1) vettori stranieri (non sono obbligati al SISTRI, con la conseguenza di una concorrenza sleale nei confronti dei vettori italiani);

2) iscrizioni, trasformazioni e integrazioni (se ne lamenta la complessità);

3) black box (non tutte funzionerebbero in modo adeguato, e per di più sembra che scarichino le batterie);

4) Dispositivi Usb operatori (malfunzionamento dell'hardware e cattiva configurazione);

5) Dispositivi Usb autisti (malfunzionamento dell'hardware, difficoltà a comprendere se funzionano correttamente);

6) Firma Digitale (si tratterebbe in realtà di una mera firma elettronica sprovvista di sistema di sicurezza);

7) Portale informativo Sistri non sempre accessibile (segnalerebbe spesso anomalie che non permettono doi accedervi);

8) Portale informativo Sistri in continua evoluzione (i cambiamenti sarebbero troppi e non sempre documentati);

9) Portale informativo Sistri non conforme alla normativa (funzioni non conformi al DM attuativo);

10) Portale informativo Sistri senza area di test (manca un'area di test in cui gli operatori possono provare le funzioni del portale);

11) Normativa lacunosa (tra l'altro, non sarebbero stati previsti tanti casi d'uso);

12) Interoperabilità incompleta;

13) Interoperabilità senza test;

14) Implementazioni funzionalità gestionali;

15) Interoperabilità senza norma (nessuna norma ha mai previsto ufficialmente l'impiego dei sistemi di interoperabilità;

16) Dipendenza da un portale web (carico di responsabilità per gli operatori di responsabilità che ne limita le attività);

17) Inefficienza delle operazioni di firma (sono troppe e rallentano il sistema). Secondo il presidente di Fai Conftrasporto, Paolo Uggè, alla luce di tali criticità "non è ipotizzabile la partenza del Sistri al 30 giugno 2012 o in altra data da definire se il contesto rimane quello attuale.

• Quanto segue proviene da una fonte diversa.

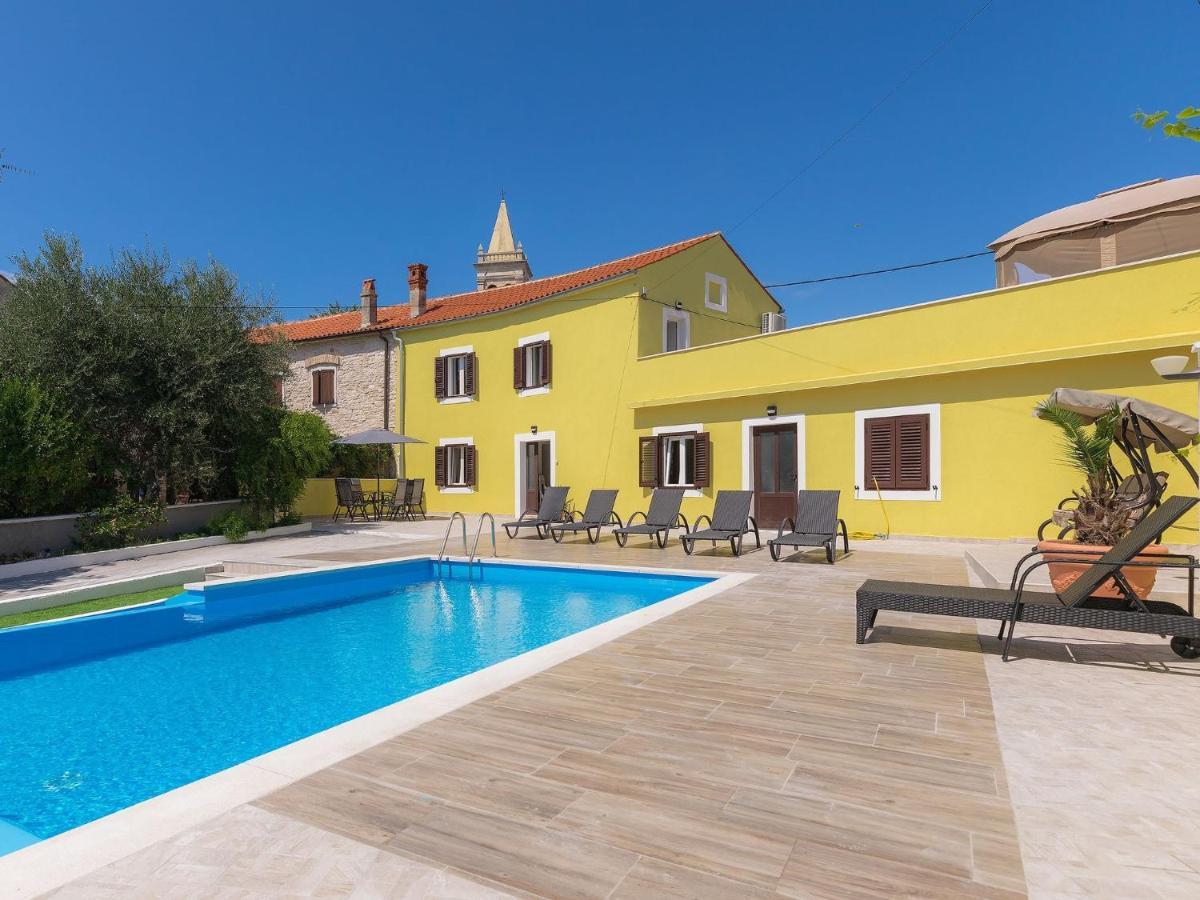 Holiday Home Evelina By Interhome Ližnjan المظهر الخارجي الصورة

È necessaria una rivisitazione del sistema completo giungendo a semplificazioni massicce. Una vera rivoluzione del sistema stesso", conclude l'associazione degli autotrasportatori.

Il documento è stato inviato anche a tutti i parlamentari delle Commissioni Ambiente della Camera e del Senato, nonché a quelli della Commissione bicamerale d'inchiesta sul ciclo dei rifiuti.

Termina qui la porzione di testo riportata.